#### Extracted entries

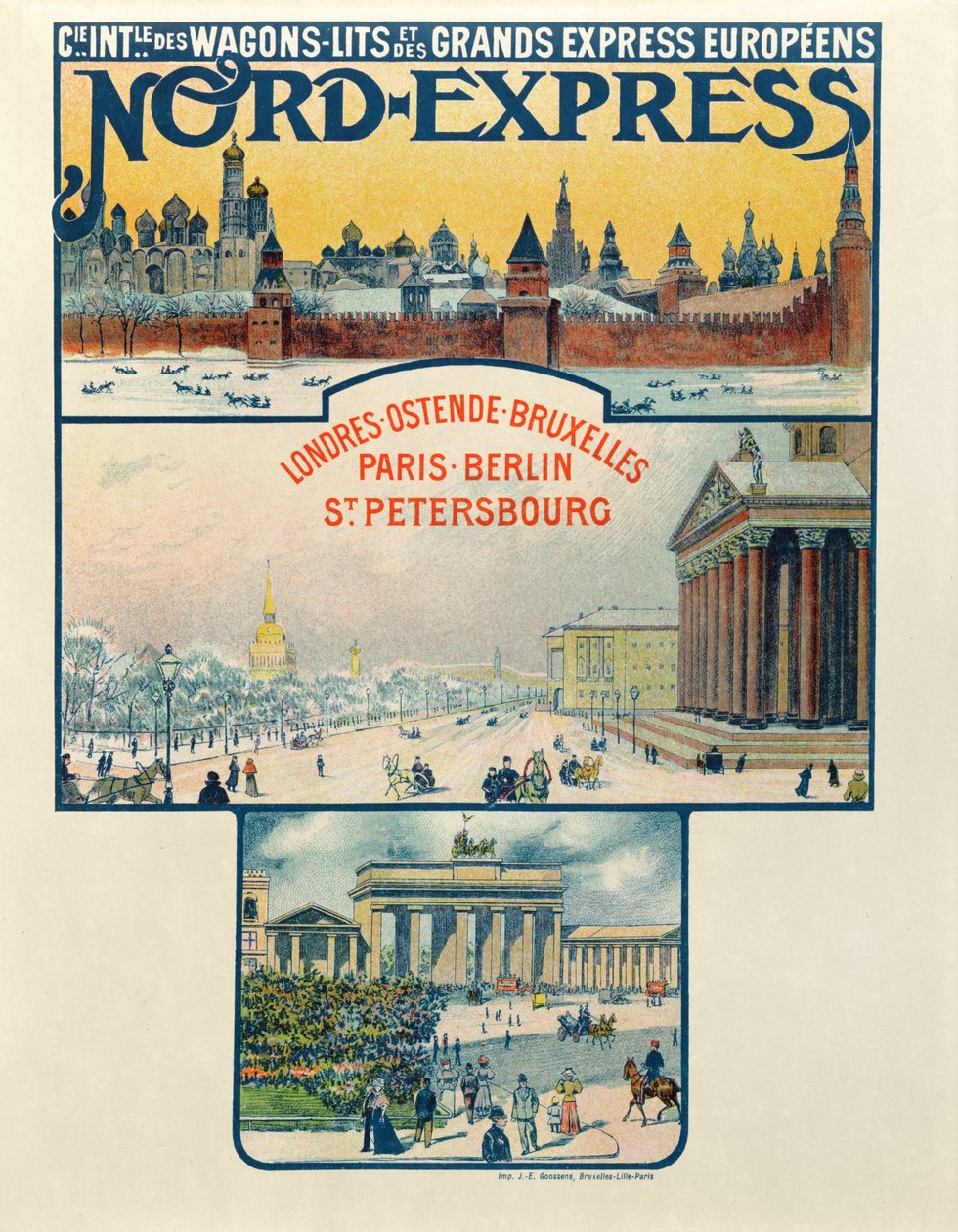 A Compagnie des Wagons-Lits et des Grands Express Europeens plakátja Londontól Szentpétervárig, XX. század eleje alkotó: French School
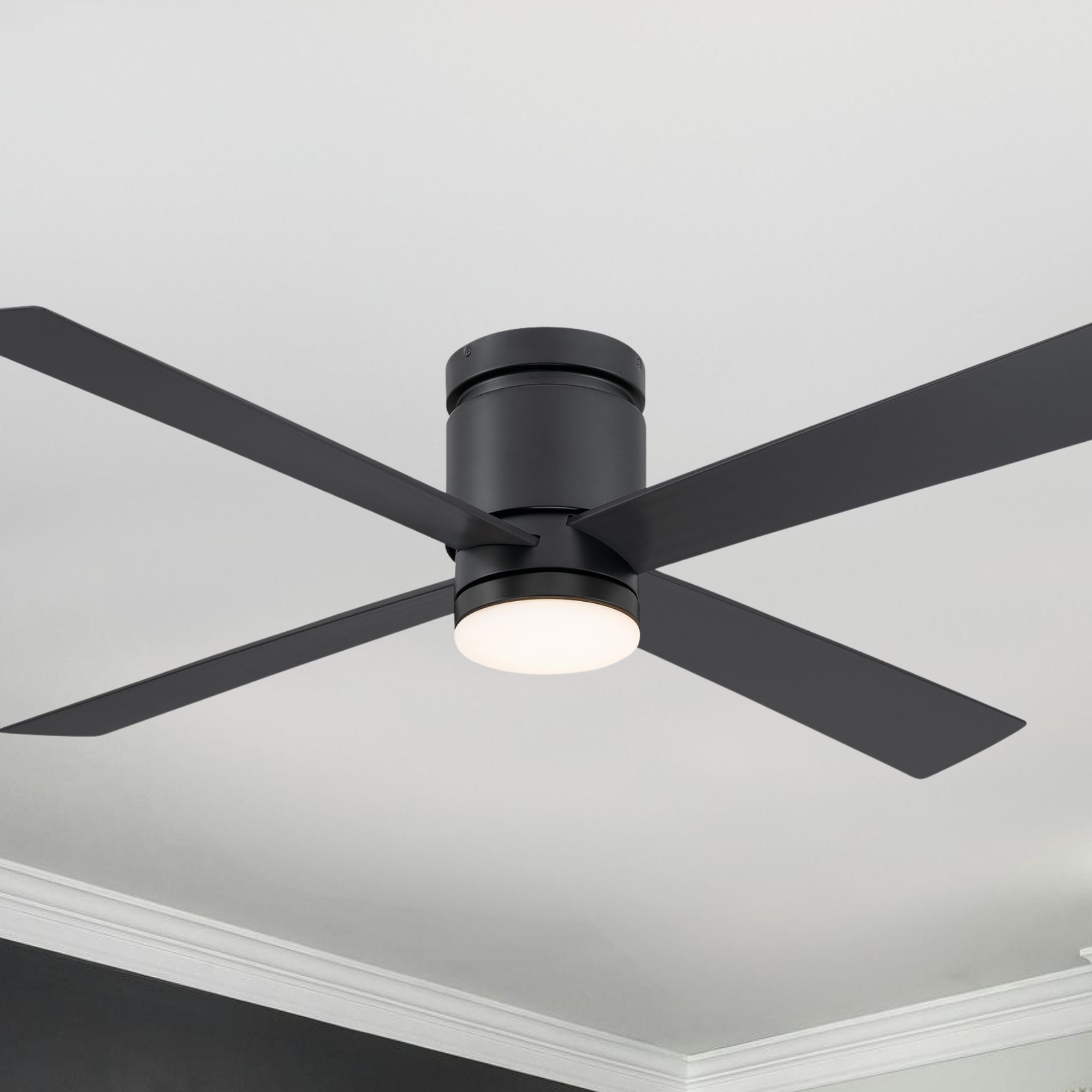 Kwartet 52" Black Damp Rated Hugger Ceiling Fan with CCT Light Kit and Remote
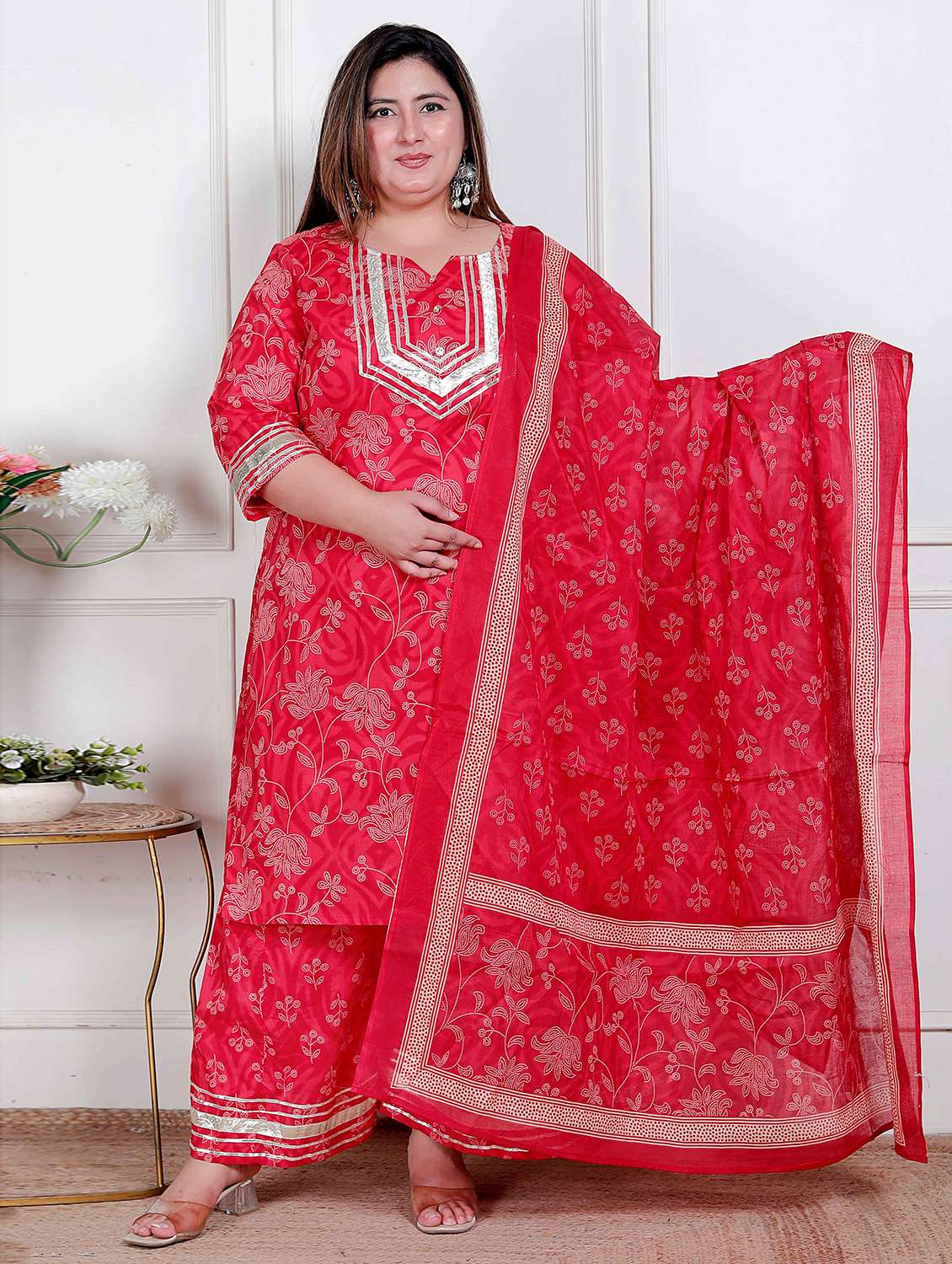 women plus size floral three quarter sleeve kurta palazzo with dupatta set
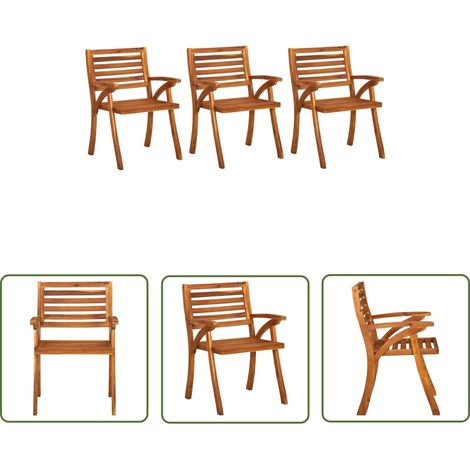 INLIFE Chaises de jardin 3 pcs Bois d'acacia solide (1/5)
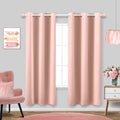 Blush Muted Pink Curtains 72 Inches Long for Kids Room Set 2 Panel Window Blackout Drape Insulated Thermal Darken Rose Gold Curt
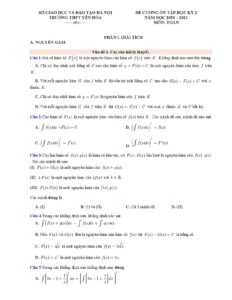 de-cuong-on-tap-hoc-ky-2-mon-toan-lop-12-truong-thpt-yen-hoa-nam-hoc-2020-2021 - Trang 1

########

Every line of the data is to be transcribed exactly, and no picture is to be included.

**Task result**
 A Compagnie des Wagons-Lits et des Grands Express Europeens plakátja Londontól Szentpétervárig, XX. század eleje alkotó: French School
 Kwartet 52" Black Damp Rated Hugger Ceiling Fan with CCT Light Kit and Remote
 women plus size floral three quarter sleeve kurta palazzo with dupatta set
 INLIFE Chaises de jardin 3 pcs Bois d'acacia solide (1/5)
 Blush Muted Pink Curtains 72 Inches Long for Kids Room Set 2 Panel Window Blackout Drape Insulated Thermal Darken Rose Gold Curt
 de-cuong-on-tap-hoc-ky-2-mon-toan-lop-12-truong-thpt-yen-hoa-nam-hoc-2020-2021 - Trang 1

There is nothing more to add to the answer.